I have no clue how I would handle the spectrum of this, and can only guess I'll learn with time and following my heart. Some of it's the system, some is the individual, but all could use change. I read "Complications" and was very interested in the part about how much of decisions should be made by a doctor and how much should be made by patients. Although it doesn't cover this topic completely, it does give you a bit to think about for how much you'll listen to your patient's complaint as well as how doctors get patients to see things their way. If you haven't read this book I'd highly recommend it.
 
I love the respondes guys!

abw, the title is called "complications"? What other books are recommended?

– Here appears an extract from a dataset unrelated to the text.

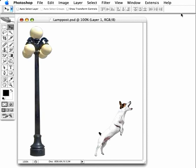To make this lamppost bend over towards the dog, we can use the Image Warp feature of CS2.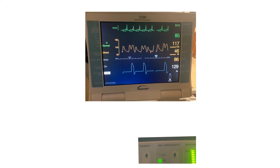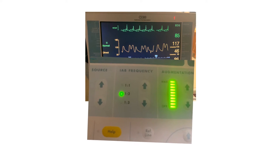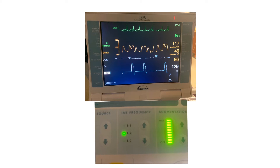This is the intra-aortic balloon pump screen — the monitor for the machine. There is also a control board for the intra-aortic balloon pump right here. It's usually set up like this. I should have taken a full picture of the whole machine, but anyway, here is the trigger source.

I could not help my, at the time, elitist feelings towards these people

This is exactly how I feel. I feel there is a difference between how I treat patient. I try to place myself in there position and offer my empathy in there time of need. I guess this elitest feeling is to be expected because it requires a special person to truly understand and care about a strangers life. This includes all the premeds out there. However, after reading the respondes I feel that I'm kinda isolating myself from my coworkers. I mean working in a hospital requires teamwork, and I understand where nurses are coming from. The nurses aides however...

Anyways lets have more posts like this instead of the typical who got in where 🙄

Great discussion guys lets hear more thoughts.
 
Hey!

Yep, the book is called "Complications" by Atul Gawande. It's really good and pretty quick moving - I got through it in a weekend. He speaks from a surgeon's perspective, but even if you're not considering surgery it's worth reading for the topics he discusses - what makes a good doctor go bad (and the mental health of doctors), the human/erring side to medicine, the "who should make decisions for patients" debate, and the what to do when you don't know what to do problem.
 
I also read that book, it was very good.
 
Whoever said that he/she wanted to be an "everyman" when he/she is a doctor...NOT ME. All I want is to communicate effectively, convey compassion and sympathy...NOT to cater to everyone's whim. I am not going into 100K debt just to be able to listen to some whine. Pay someone else to do that, it is not in the doctor's job description.

Also...if the doctors and nurses took care of everything...some people would be out of a job by now. So instead of criticizing, be thankful that there is enough jobs to go around right now, esp in this economy!